Welcome!

@BigDataExpo Authors: Karyn Jeffery, Pat Romanski, Cloud Best Practices Network, Liz McMillan, Elizabeth White

Blog Feed Post

Quick MapReduce with beanstalkd

At ProjectLocker, we operate a polyglot environment with a heavy Ruby bias. While we love Ruby and Rails, one of the drawbacks of Ruby is its Global VM Lock. In a nutshell, the Global VM Lock makes it harder to write Ruby code that can fully utilize a modern multi-core server. For Web applications, this isn’t a problem because the web server manages multiple processes for you (e.g. via Passenger). However, for offline processes, parallelism doesn’t come for free.

I was recently working on a project that involved the offline batch processing of lots of data. This project has been operating successfully for some time, but the data set has grown, causing the process to need more more time to complete than we’d like. So I dove in to see what we could do to speed it up. Fortunately, the process was still single-threaded, so we knew we’d be able to inject concurrency to increase throughput without adding hardware.

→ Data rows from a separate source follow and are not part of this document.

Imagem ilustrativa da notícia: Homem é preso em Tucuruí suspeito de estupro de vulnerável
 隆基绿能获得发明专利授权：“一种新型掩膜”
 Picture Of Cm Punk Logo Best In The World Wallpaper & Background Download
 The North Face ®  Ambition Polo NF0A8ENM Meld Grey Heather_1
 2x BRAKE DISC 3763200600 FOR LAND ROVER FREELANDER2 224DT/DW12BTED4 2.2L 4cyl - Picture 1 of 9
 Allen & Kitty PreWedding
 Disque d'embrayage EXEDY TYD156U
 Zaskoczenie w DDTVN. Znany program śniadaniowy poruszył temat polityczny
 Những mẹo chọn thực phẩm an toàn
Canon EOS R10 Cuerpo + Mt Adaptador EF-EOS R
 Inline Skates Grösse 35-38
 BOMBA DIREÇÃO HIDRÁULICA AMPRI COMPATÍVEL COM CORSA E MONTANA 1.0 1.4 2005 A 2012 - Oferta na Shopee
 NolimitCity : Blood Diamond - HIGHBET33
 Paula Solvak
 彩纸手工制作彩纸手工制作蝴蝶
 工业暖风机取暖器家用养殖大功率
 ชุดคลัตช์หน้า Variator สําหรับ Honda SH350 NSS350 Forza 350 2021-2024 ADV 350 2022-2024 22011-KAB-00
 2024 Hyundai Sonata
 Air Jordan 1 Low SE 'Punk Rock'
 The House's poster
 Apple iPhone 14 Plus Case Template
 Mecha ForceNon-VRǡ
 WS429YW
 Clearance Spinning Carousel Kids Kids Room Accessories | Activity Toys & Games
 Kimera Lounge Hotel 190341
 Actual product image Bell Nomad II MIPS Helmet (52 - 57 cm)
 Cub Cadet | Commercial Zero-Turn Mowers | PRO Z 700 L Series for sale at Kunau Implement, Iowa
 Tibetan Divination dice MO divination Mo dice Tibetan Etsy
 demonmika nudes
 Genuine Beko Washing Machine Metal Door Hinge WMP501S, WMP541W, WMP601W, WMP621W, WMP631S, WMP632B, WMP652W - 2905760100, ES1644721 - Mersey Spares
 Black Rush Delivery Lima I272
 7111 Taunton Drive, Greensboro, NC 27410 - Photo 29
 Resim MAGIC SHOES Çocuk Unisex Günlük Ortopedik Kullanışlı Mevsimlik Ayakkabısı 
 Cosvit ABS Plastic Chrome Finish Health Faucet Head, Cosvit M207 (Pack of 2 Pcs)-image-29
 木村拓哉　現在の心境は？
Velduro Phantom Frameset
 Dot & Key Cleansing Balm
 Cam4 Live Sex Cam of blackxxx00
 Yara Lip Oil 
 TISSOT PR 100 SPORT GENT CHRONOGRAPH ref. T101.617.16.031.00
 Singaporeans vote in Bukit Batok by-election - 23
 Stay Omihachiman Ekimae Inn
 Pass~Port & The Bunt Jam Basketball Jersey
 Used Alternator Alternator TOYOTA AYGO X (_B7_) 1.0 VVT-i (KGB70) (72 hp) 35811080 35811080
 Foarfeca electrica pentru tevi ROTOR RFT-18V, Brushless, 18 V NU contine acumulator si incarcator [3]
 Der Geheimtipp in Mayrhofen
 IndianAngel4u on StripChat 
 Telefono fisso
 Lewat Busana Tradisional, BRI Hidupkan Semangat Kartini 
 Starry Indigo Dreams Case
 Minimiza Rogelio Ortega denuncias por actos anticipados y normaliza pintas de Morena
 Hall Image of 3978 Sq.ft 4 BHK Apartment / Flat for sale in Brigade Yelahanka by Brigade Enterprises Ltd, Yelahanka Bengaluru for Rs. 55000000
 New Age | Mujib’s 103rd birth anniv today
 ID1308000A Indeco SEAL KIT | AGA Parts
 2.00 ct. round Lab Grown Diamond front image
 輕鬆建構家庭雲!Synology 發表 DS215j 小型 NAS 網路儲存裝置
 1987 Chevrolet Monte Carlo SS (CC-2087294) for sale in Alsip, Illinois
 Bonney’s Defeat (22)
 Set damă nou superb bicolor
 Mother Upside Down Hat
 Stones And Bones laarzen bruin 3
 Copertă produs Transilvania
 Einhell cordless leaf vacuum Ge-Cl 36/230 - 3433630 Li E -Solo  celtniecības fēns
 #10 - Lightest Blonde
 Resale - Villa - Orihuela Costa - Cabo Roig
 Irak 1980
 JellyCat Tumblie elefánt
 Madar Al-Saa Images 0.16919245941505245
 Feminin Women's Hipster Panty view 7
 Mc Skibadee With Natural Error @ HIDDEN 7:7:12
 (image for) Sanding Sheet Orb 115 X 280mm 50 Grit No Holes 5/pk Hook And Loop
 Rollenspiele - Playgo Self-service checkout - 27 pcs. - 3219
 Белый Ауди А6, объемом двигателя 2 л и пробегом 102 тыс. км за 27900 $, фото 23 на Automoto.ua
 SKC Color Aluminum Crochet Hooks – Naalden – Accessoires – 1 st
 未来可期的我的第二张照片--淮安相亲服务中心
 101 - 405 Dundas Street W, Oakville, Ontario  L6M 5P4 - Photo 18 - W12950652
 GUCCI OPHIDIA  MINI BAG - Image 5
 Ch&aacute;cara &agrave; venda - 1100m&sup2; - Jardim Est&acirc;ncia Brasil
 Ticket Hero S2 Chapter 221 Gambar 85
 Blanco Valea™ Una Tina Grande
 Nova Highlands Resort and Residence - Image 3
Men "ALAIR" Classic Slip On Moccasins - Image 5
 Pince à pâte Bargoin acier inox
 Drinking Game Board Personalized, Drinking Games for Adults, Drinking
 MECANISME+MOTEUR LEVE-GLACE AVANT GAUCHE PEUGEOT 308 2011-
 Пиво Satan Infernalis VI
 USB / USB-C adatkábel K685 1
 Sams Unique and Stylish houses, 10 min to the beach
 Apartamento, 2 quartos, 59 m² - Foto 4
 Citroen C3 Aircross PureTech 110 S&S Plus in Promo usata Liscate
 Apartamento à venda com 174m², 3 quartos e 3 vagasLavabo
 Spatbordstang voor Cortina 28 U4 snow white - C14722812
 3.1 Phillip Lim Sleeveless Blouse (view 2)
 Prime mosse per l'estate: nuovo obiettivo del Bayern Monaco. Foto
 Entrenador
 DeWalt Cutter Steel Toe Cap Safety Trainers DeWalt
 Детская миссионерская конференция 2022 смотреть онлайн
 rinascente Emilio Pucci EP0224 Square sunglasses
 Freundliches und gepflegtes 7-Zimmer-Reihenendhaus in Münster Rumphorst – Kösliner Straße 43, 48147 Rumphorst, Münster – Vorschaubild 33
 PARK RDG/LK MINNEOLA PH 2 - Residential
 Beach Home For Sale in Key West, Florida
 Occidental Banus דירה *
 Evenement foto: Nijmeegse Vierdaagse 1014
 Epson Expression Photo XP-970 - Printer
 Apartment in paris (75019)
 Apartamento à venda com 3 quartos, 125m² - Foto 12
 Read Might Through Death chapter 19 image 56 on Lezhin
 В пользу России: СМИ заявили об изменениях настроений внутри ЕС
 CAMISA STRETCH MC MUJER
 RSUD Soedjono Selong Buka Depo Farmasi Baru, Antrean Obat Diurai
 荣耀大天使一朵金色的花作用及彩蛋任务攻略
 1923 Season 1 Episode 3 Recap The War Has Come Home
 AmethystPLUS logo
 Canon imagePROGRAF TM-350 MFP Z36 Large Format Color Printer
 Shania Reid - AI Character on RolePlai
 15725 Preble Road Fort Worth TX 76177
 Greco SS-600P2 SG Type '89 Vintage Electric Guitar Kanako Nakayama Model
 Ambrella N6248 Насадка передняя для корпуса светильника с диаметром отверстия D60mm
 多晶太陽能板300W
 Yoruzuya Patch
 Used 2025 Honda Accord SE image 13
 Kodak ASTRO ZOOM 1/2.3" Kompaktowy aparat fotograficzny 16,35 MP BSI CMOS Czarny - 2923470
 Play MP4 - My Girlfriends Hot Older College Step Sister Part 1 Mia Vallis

The job in question runs on a fairly well-equipped server, but the server was underutilized due to the process being serial. Here’s an outline of the initial code:

def main_job
  for retrieve_giant_dataset().each do |item|
    long_process(item)
  end

  summarize_results(retrieve_all_results()) 
end

def long_process(item)
  # Do some work on item that uses a lot of CPU time.
  item.save
end

That approach gets the job done, but I wanted to parallelize it. Conceptually, I wanted to transform the main_job method so that it looked something like this:

def main_job
  threads = []
  for retrieve_giant_dataset().each do |item|
    threads << Thread.new(item) do
      long_process(item)
    end
  end

  threads.each { |t| t.join }

  summarize_results(retrieve_all_results()) 
end

Unfortunately, it’s not that easy due to the aforementioned Global VM Lock. What I needed was a way to get my threads running on a bunch of independent processes. This is a problem tailor-made for a job queueing system. Enter beanstalkd, a simple & fast work queue. We paired beanstalkd with Stalker, a DSL that makes it easy to queue and process jobs from Ruby. Integrating these two was a cinch. Here’s what the restructured code looks like now:

def main_job
  for retrieve_giant_dataset().each do |item|
    Stalker.enqueue(JOB_NAME, :id => item.id)
  end

  beaneater = Beaneater::Pool.new(['localhost:11300'])
  tube = beaneater.tubes.find TUBE_NAME
  while tube.peek(:ready)
    sleep(5)
  end

  summarize_results(retrieve_all_results()) 
end

So instead of processing each item during the loop, now we just add each to the beanstalkd queue. Once we finish queueing all of the items, we wait until all of our entries have been processed by the worker processes. The workers are initiated via a jobs.rb file that looks something like this:

include Stalker
  
job JOB_NAME do |args|
  item = ItemClass.find(args['id'])
  Worker::long_process(item) 
end

We then start beanstalkd and a few worker processes and we’re off to the races. Now our job runs in parallel via multiple processes, and we can tune the number of worker processes we run to consume as much of the machine’s resources as we like. As a bonus, we can also run Stalker workers on other machines in our cluster for added parallelism. With just a few minor tweaks to our code, we’ve gone from single-threaded to a solution that is limited only by the capacity of the shared database used. Sweet!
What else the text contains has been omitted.